Kathy Bates is another great actress Eastwood selected who performs magnificently here. She’s shaken to her core and finds her whole world flipped upside down because of these events, believing in her son’s innocence and simply wanting people to to remember him as the man who saved countless lives that night. Rockwell is also very good as the lawyer who takes Richard’s case and also displays a generous amount of patience when dealing with his client.
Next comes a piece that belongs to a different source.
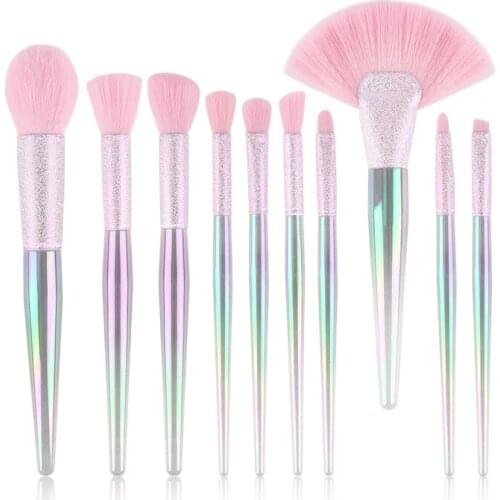 10PCS Beauty Makeup Brush Set 3D Rainbow Crystal Brush Beauty Tools Large Fan Shaped Blush Eye Shadow Brush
Remember when I said that Richard is a nice guy? Well he’s a bit too nice, especially to law enforcement looking to pin him as the man who orchestrated this attack. He’s told repeatedly to not talk the FBI and continues to do so simply to help out. It’s only until too late that Richard realizes that they are using various tricks in the book to give reason for his arrest. I also can’t forget about Jon Hamm as the FBI agent who seems like a nice guy but really has a job to do. Could you imagine being on house arrest even though you weren’t legally told you were? Richard Jewell lived in his apartment while reporters waited outside like a pack of wild vultures. His life and freedom were basically taken away for the sake of “trial-by-media” spectacle.
As a director, Eastwood tells a great story that’s very easy to follow. Screenwriter Billy Ray has crafted excellent dialogue and moments that feel both terrifying and heartbreaking, creating a character piece of a man who was just doing his job when lives were at risk, yet paid an unneeded price. Richard Jewell was a hero but it took forever to clear his name and lived a life of hell during the relentless investigation by the FBI.
Verdict: 5 out of 5 Stars
Not only is Richard Jewell a great drama, but it’s a sad retelling of the constant hounding one man faced by a public who wanted answers at the expense of truth. Effectively, it was a character assault on someone who wanted nothing more than to do the right thing. All the actors are great, the script is fantastic and Eastwood’s direction flows smoothly without ever feeling tedious. Paul Walter Hauser brings a commanding performance on the screen as the man who was unjustly pursued and somehow kept it all together. With the 2019 movie calendar coming to a close, Richard Jewell is one film to not miss and proof that Clint Eastwood isn’t close to retiring anytime soon.